EXERCISE: Return, exactly and with nothing added, the line with "A Woman is Cooking" together with all lines after it through the end of the data below. No pictures belong in the copy.

== DATASET EXTRACT

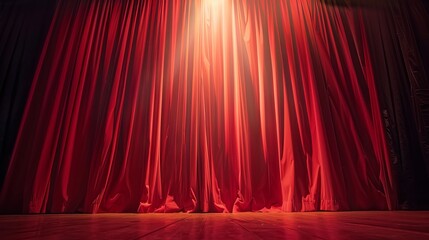 Spotlight illuminates a maroon red curtain on a theater stage, setting a dramatic art performance scene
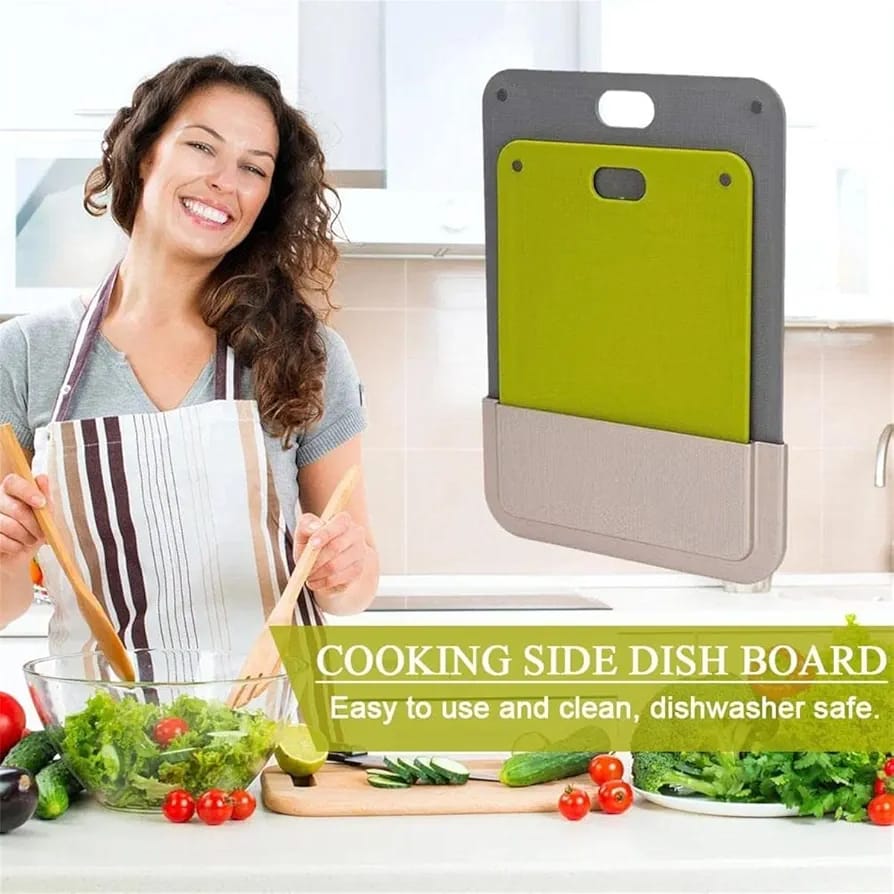A Woman is Cooking Food with the Aid of Chopping Board Set.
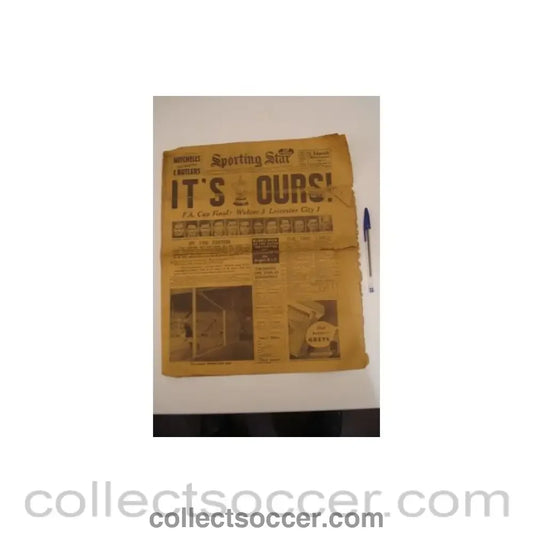 1949 - Sporting Star newspaper of 30/04/1949 covering the F.A. Cup Final Wolverhampton Wanderers v Leicester City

====

REPLY TO THE TASK:
A Woman is Cooking Food with the Aid of Chopping Board Set.
 1949 - Sporting Star newspaper of 30/04/1949 covering the F.A. Cup Final Wolverhampton Wanderers v Leicester City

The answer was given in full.